■ Dataset content ■
=== Section Start ===

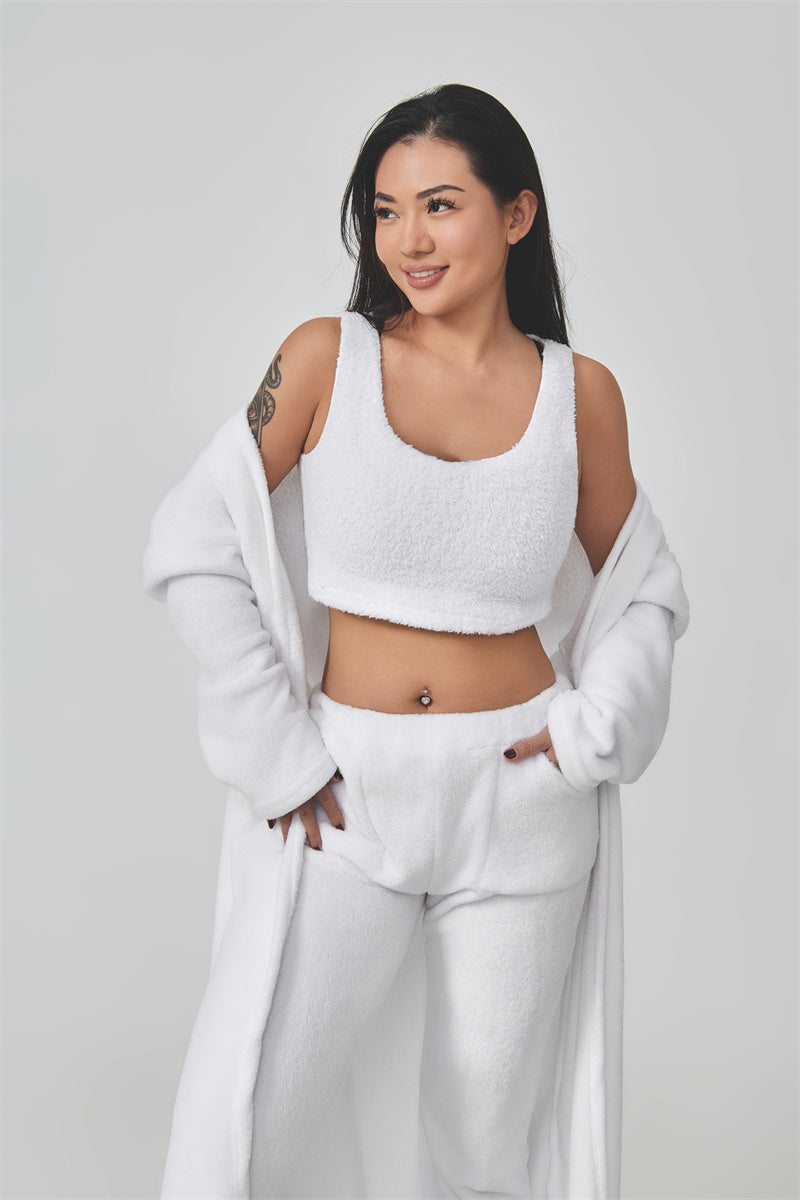Nachtkleding Dames 3-Delig Fluffy Loungewear Wijde Pijpen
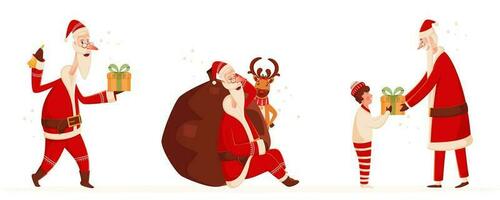 Santa Claus Character in Different Poses with Heavy Sack, Reindeer and Boy on White Background. vector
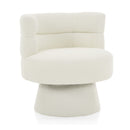 Swivel Accent Chair, 360° Rotating Design With Ergonomic Support For Living Room, Bedroom & Home Office - Cream White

=== Section End ===

■ What you have to do ■
Output the data above exactly; pictures do not belong in the copy.

■ Exercise answer ■
Nachtkleding Dames 3-Delig Fluffy Loungewear Wijde Pijpen
 Santa Claus Character in Different Poses with Heavy Sack, Reindeer and Boy on White Background. vector
 Swivel Accent Chair, 360° Rotating Design With Ergonomic Support For Living Room, Bedroom & Home Office - Cream White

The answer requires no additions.